> _Task_
Within the listing below, please copy exactly the lines between the line holding "Toulavá kamera 12" and the line holding "MarceAndJuan", inclusive.

> _Material to process_
[Start of Attachment]
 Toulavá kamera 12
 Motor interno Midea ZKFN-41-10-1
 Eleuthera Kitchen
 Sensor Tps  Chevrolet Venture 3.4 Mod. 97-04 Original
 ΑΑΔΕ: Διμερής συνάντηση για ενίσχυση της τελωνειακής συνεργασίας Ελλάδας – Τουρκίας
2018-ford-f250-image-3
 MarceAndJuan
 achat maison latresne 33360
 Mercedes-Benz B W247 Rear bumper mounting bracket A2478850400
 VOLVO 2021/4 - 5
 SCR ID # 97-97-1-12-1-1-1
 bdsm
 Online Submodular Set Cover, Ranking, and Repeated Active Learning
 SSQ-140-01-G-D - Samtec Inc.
[End of Attachment]
[Start of Attachment]
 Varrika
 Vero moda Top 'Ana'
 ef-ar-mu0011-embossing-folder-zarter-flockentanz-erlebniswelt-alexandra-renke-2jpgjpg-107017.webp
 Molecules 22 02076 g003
[End of Attachment]
> _Solution for this task_
 Toulavá kamera 12
 Motor interno Midea ZKFN-41-10-1
 Eleuthera Kitchen
 Sensor Tps  Chevrolet Venture 3.4 Mod. 97-04 Original
 ΑΑΔΕ: Διμερής συνάντηση για ενίσχυση της τελωνειακής συνεργασίας Ελλάδας – Τουρκίας
2018-ford-f250-image-3
 MarceAndJuan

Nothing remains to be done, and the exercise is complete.